CHEESE STEAK

Not that anyone needs a definition of a cheese steak. The sandwich of shaved beef and molten cheese on a sturdy Italian roll, once uniquely Philadelphian, is known pretty much everywhere. But exactly how to order one remains an art that is little known or poorly practiced elsewhere. As posted near the order window at Pat’s (where the sandwich was invented by Pat and Harry Olivieri in 1930), this is how to do it:

1. Say “wit” or “wit’out,” referring to onions.

2. Specify your cheese: provolone, American, or Cheez Whiz. Or tell the order taker you want a pizza steak, which adds red sauce to the sandwich.

3. Have your money ready: “Do all of your borrowing in line.”

4. Practice all of the above while waiting in line.

A few annotations are in order.

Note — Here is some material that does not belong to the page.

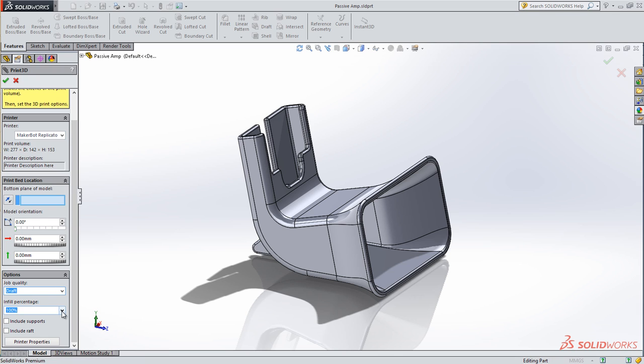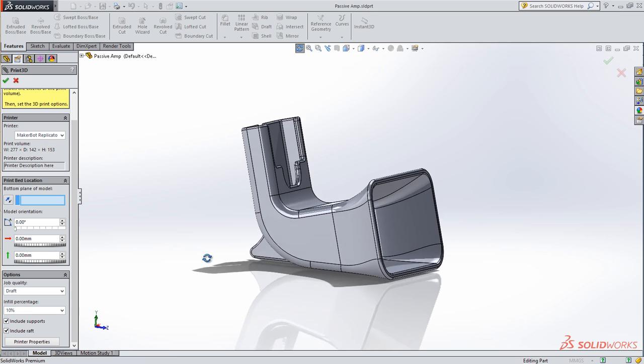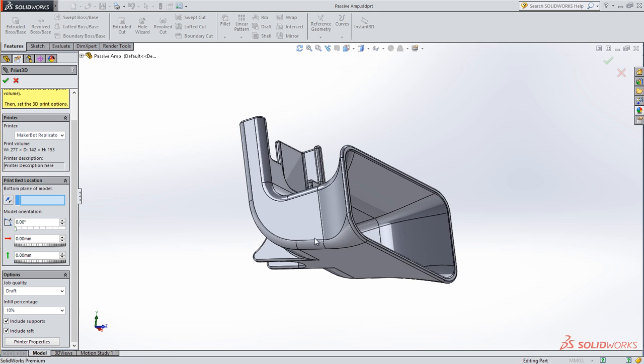I have picked DRIFT as the quality because I'm short on time. I could have selected also medium or fine.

While Cheez Whiz is by far the current most popular topping for a cheese steak, molten cheese in a jar was not introduced until after World War II. The earliest steak sandwiches sold by the Olivieris from their hot dog cart in the Italian market had no cheese on them at all, the presumption being that the essence of cheesesteakhood is not in the cheese but in the right combination of beef and bread. When cheese was introduced sometime in the 1930s, it no doubt was provolone.

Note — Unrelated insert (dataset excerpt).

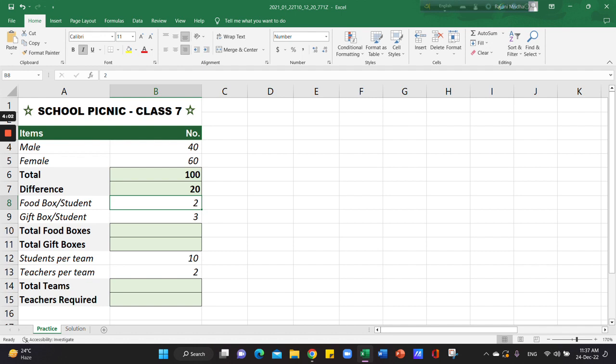We use the most student. The most student can give you the food box. This is how we can give you the total. The total student is 100. So if you want to use the food box, you can use the food box.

While most cheese steak connoisseurs are fairly liberal vis-à-vis provolone vs. Whiz and even American, ordering any other cheese is an awful faux pas. In 2003, when Senator John F. Kerry was campaigning in Philadelphia for the Democratic Party nomination for president, he tried to show he was an ordinary Joe by ordering a cheese steak at Pat’s. His handlers had not done their research, however, and the abashed Kerry was caught by reporters ordering his steak with Swiss cheese—sacrilege!—and was then photographed nibbling daintily at the corner of the mammoth sandwich—marking Kerry as a street food weenie or, even worse, a cultural snob out of touch with the people’s way of chowing down. Craig LaBan, food critic for the Philadelphia Inquirer, said flat-out, “It will doom his candidacy in Philadelphia,” explaining that to get Swiss cheese on a steak in Philly was “an alternative lifestyle.”

Finally, a note about the meat itself. There are two fundamental styles. The classic way, as done at Pat’s, Steve’s, and Geno’s, is to grill very thin slices of steak and leave them fairly intact, folding them into the roll separately from the onions. The second method, practiced at Mama’s and Lorenzo’s, is to use a spatula to hack up the beef as it sizzles. The latter technique allows the onions to be blended with the beef on the griddle. Mama’s even adds the cheese before piling the whole load into the bread’s jaws.